It may be some internal attempt at self-preservation, it may be our experiences in the moment are simply so overwhelming they overshadow parts of who we are. When his happens it can lead to depression, self-doubt, and a sense of emptiness in our lives. I’ve seen it happen to those around me, people dealing with illness, heavy work loads, and other life-changing events. I see it happen often with caregivers and parents. It’s happened to me.

Women seem particularly susceptible, especially mothers. We tend to forget we are more than just wives and mothers and the ten thousand other things we are expected to be. We are unique and complex individuals, there really is more to us than what the world sees, there is more to us than we can sometimes see as well.

We often push parts of ourselves to the deepest depths of our inner being, we become what we think everyone needs and expects us to be. That’s okay as long as we don’t forget to nourish the essence of who we are. Sometimes, we just need to remind ourselves we are important too.
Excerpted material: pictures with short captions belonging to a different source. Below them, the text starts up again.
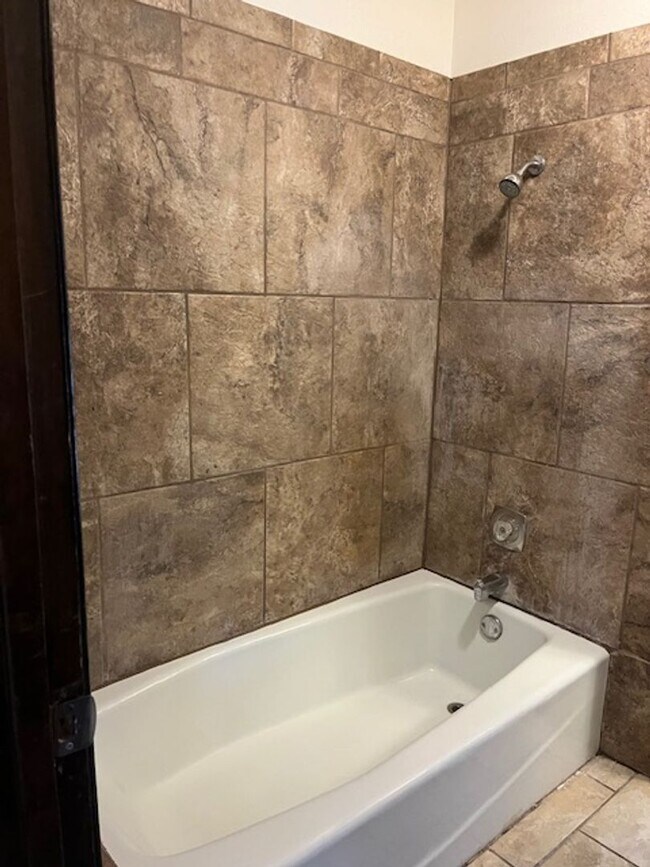 Building Photo - 3200 Wind Song Dr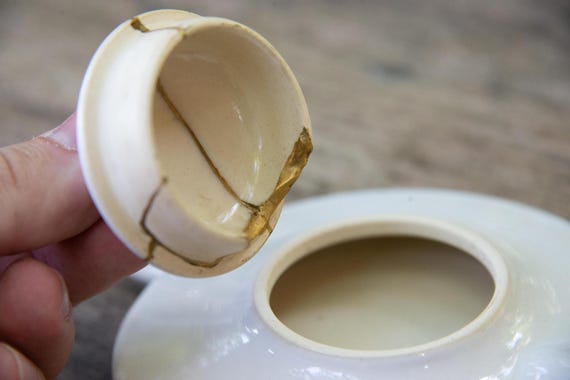 Small Flat Teapot 120 ml with Kintsugi repaired lid — photo 5 of 10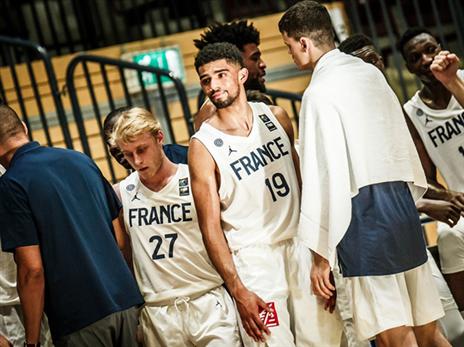 צ'ואפה. כל מה שהשחקנים הישראלים הם לא (FIBA)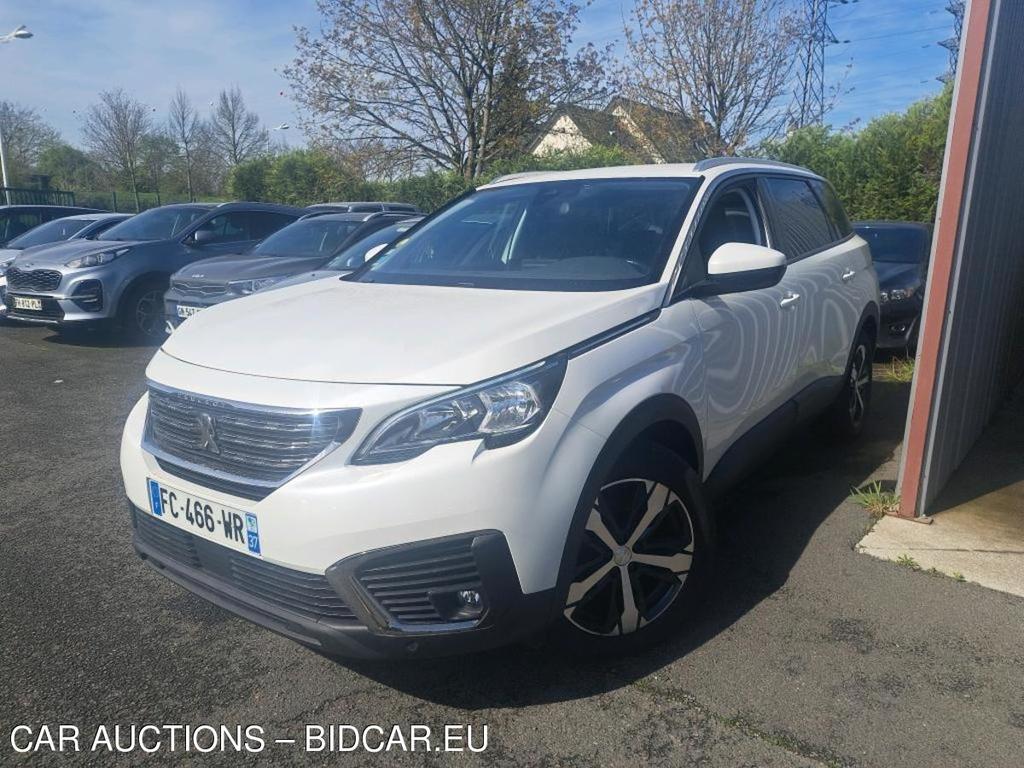 PEUGEOT 5008 / 2016 / 5P / SUV BlueHDi 130 S&amp;S EAT8 ACTIVE BUSINESS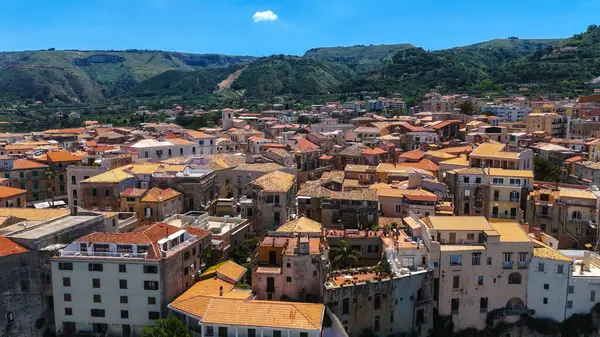Tropea 'nın havadan görünüşü, Güney İtalya Calabria' daki Tyrhenian Denizi 'ne bakan bir uçuruma tünemiş büyüleyici bir kasaba.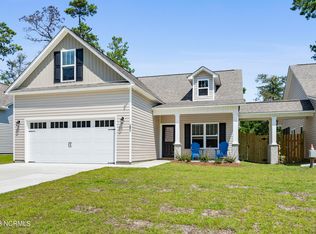 1071 Dan Owen Dr, Hampstead, NC 28443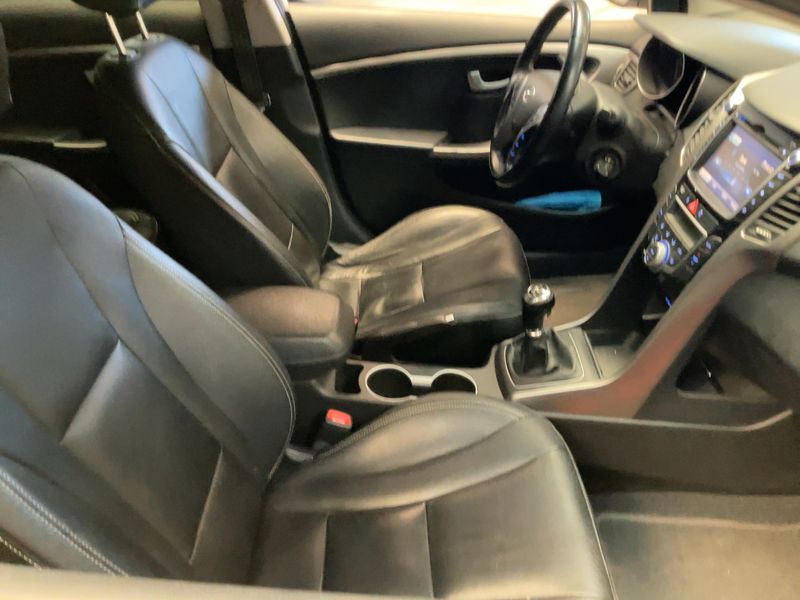 Hyundai i30 1.6 CRDi Classic 2014 – снимка 16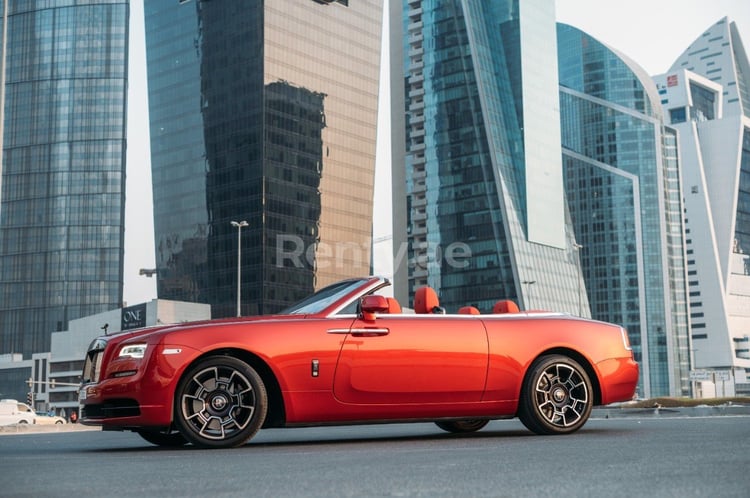 Rot Rolls Royce Dawn Black Badge zur Miete in Sharjah 1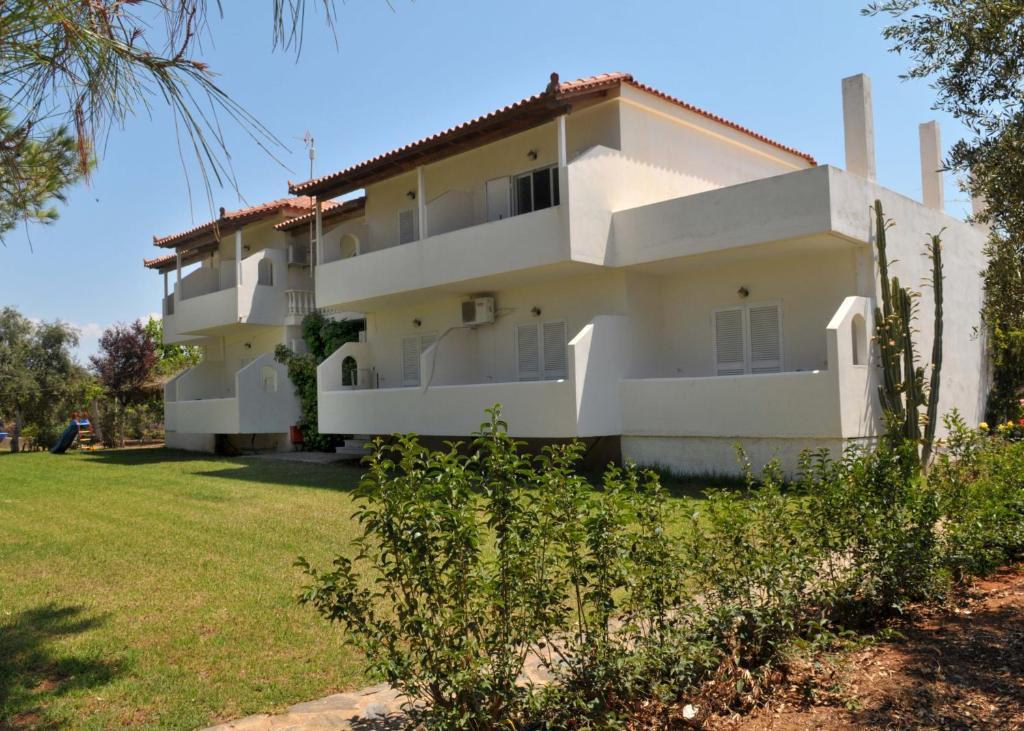 Sani Kasimis Apartamento Kyparissia Exterior foto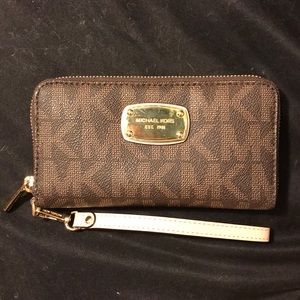 Michael Kors Dark Brown Wrislet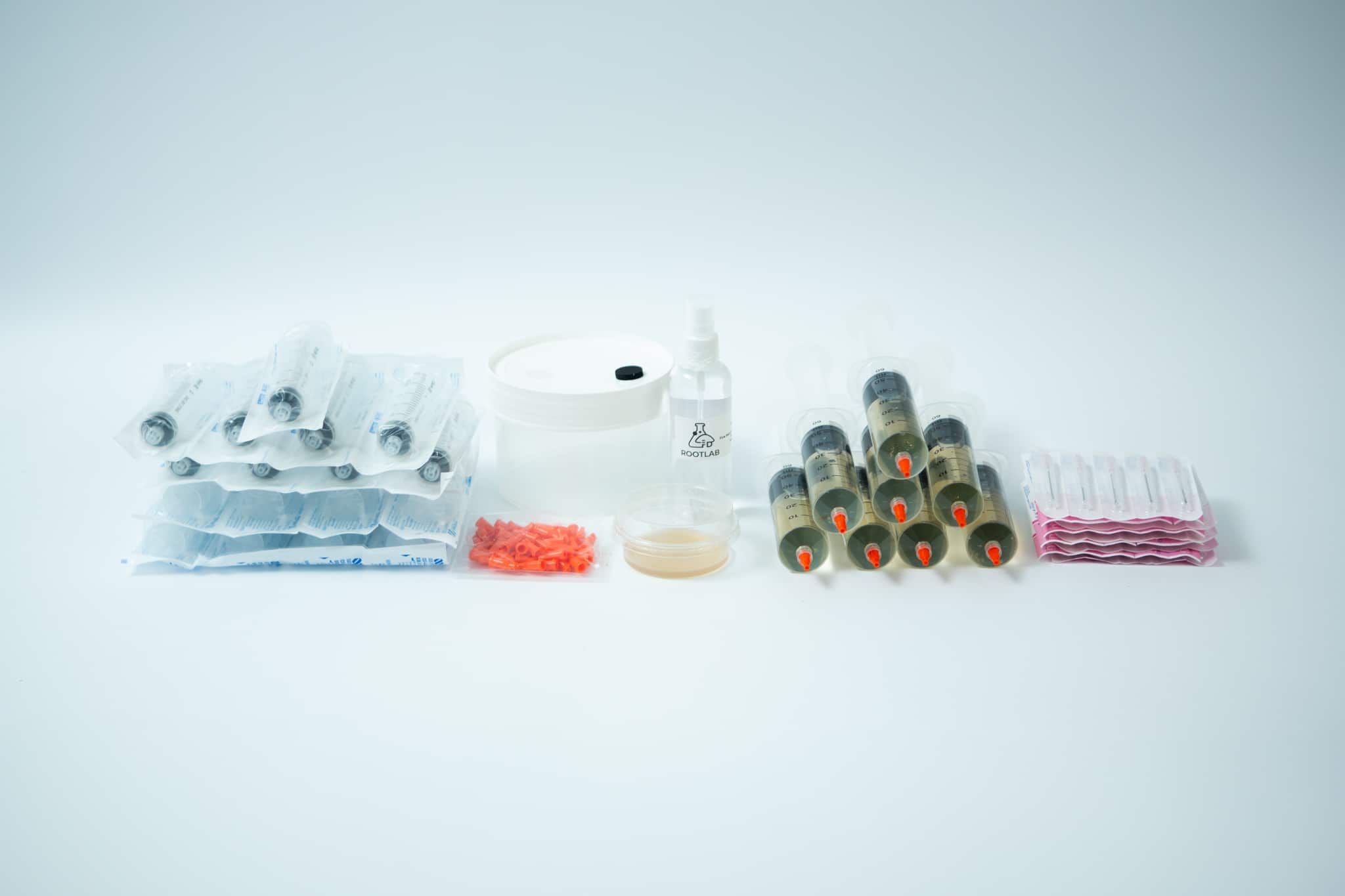 Liquid culture to Liquid culture expansion Kit: includes sterile syringes, plastic container, spray bottle, capsules, and blister packs on a white background.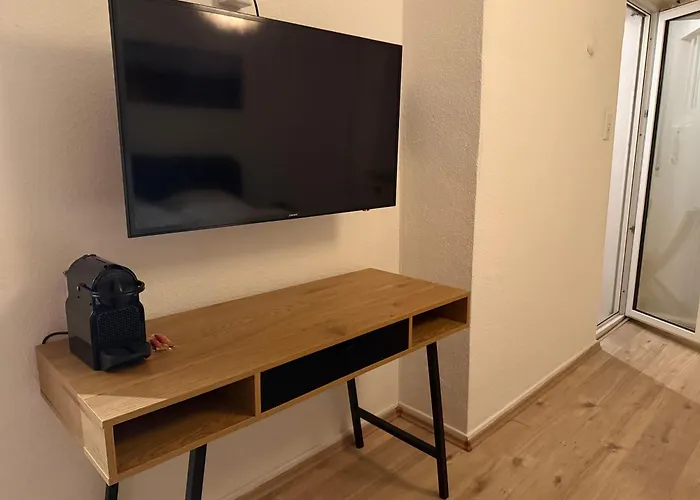 56qm Erdgeschoss-wohnung Zentral In Ehrenfeld Mit Balkon - Friederika Ii 公寓 *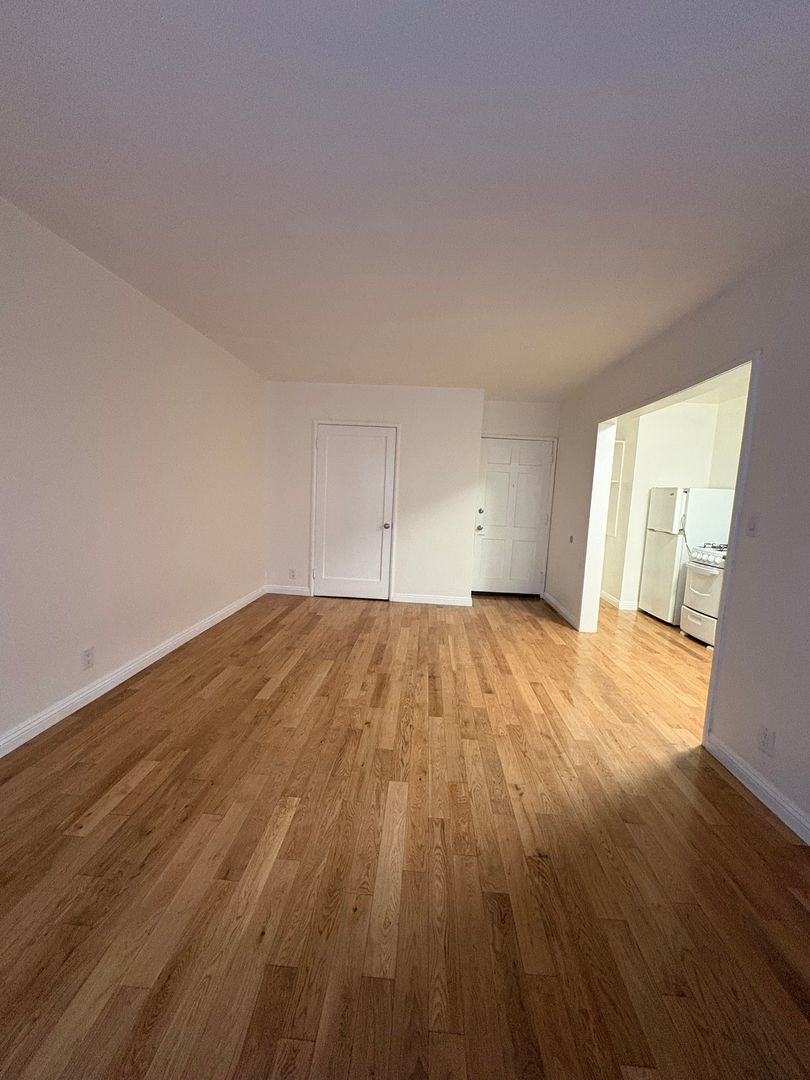 Los Angeles Apartment: 645 S. Burnside Ave.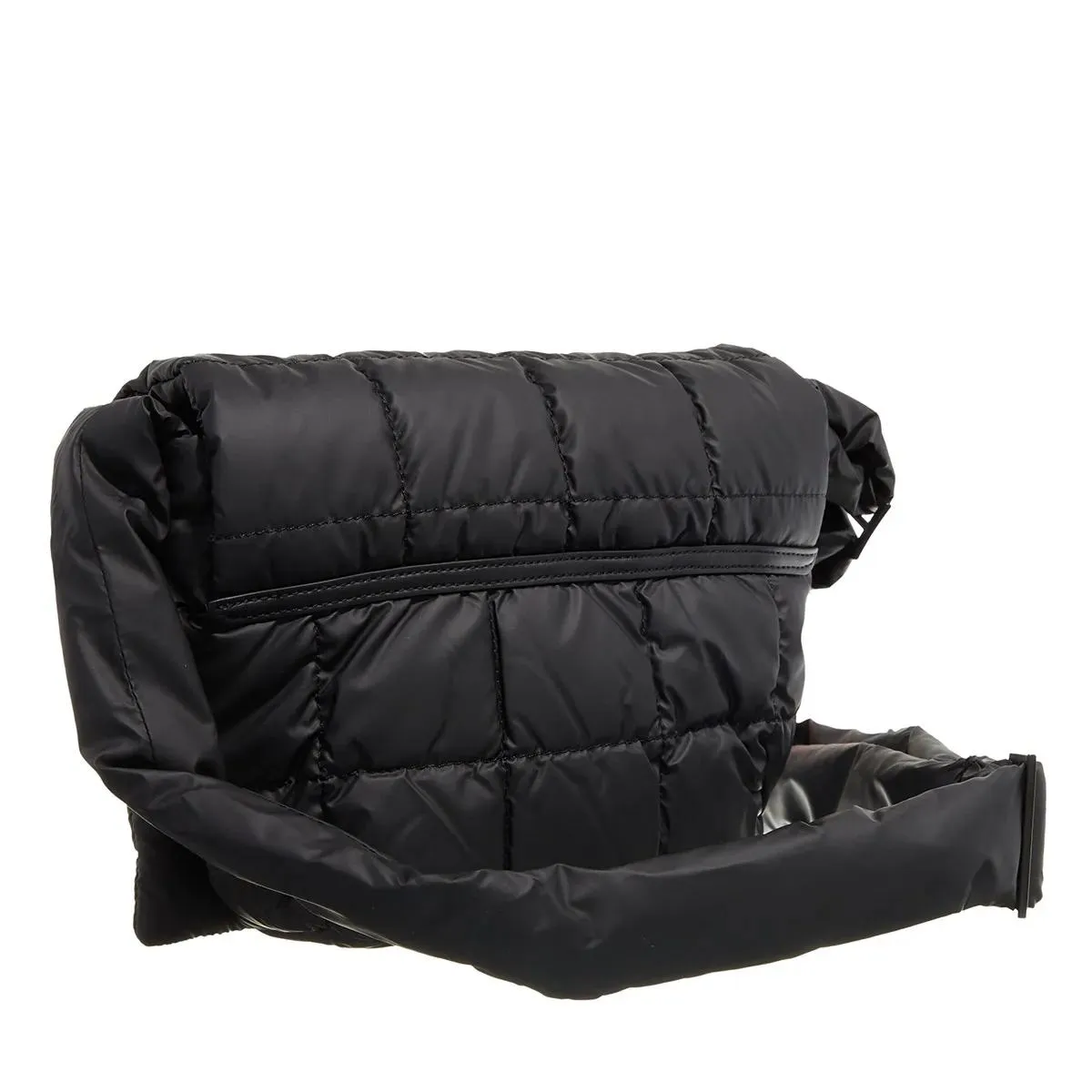   VeeCollective  Porter Messenger Matt Black  Messenger Bag 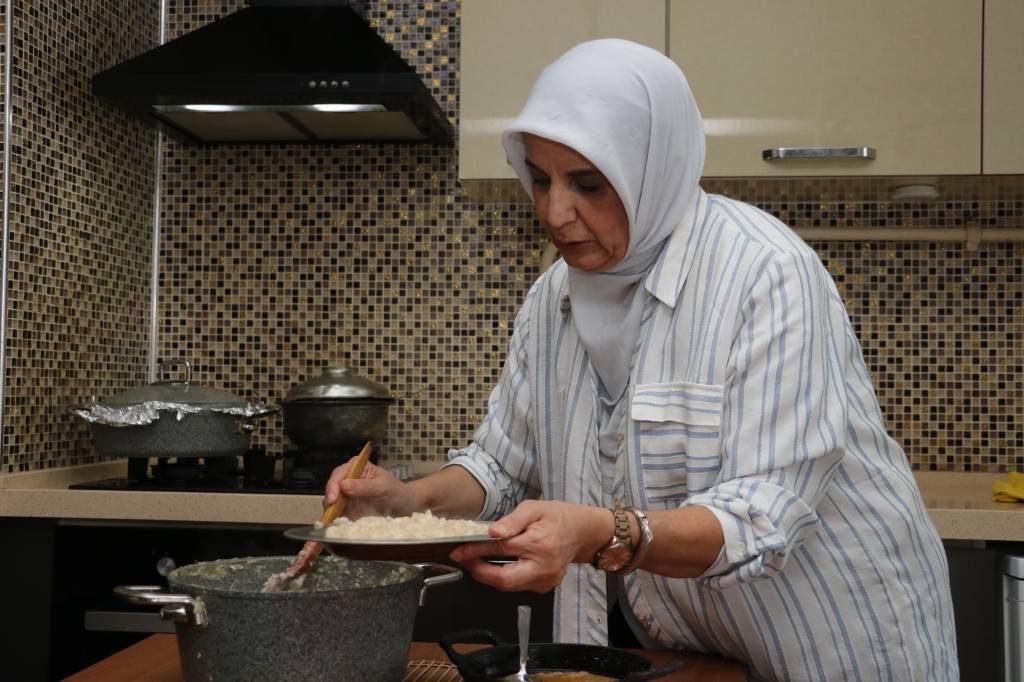 bilecik-haber_yoresel-yemek-ustasi-unutulmaya-yuz-tutan-lezzetleri-orijinal-haliyle-yasatiyor-76249.jpg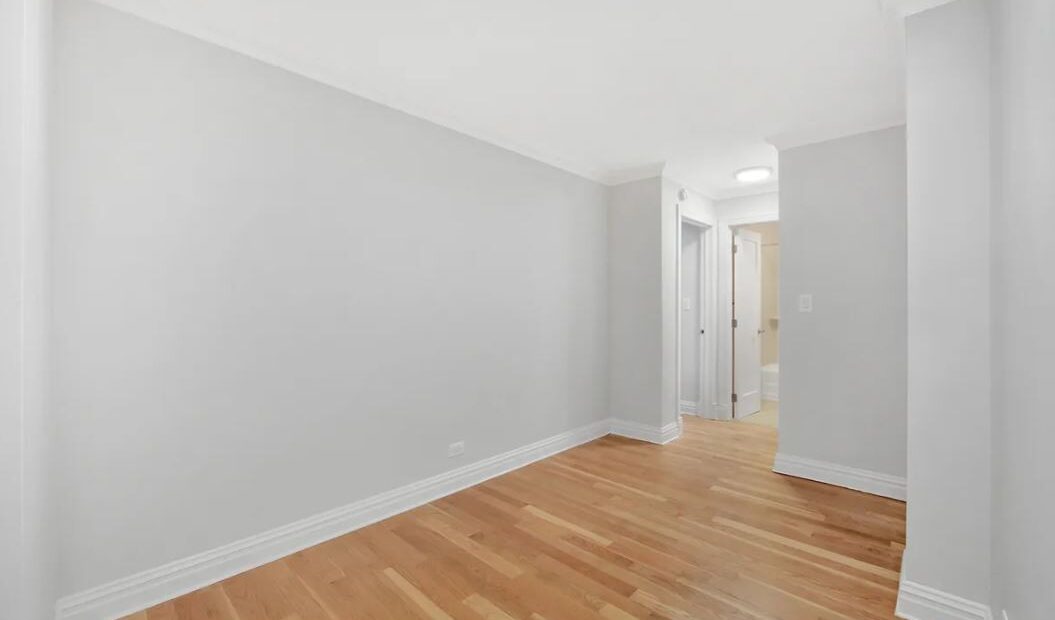 Amazing open layout on West 89th Street in Upper West Side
When my kids were still little ones, I went through a period of loss. Loss of self. My life was a whirlwind of schools, doctors, therapists, and medication. I had four young children, two with developmental disabilities, a husband frequently away in service of his country, and a recent diabetes diagnosis. I lost myself in the mayhem.

In a rare and quiet moment the weight of it all bore down on me and I knew I had to do something or I wouldn’t have the strength or the will to continue. I hadn’t picked up a pen to write much more than grocery lists and schedules to keep for a long while, that night I decided to dust off my journal and try to make sense of it all.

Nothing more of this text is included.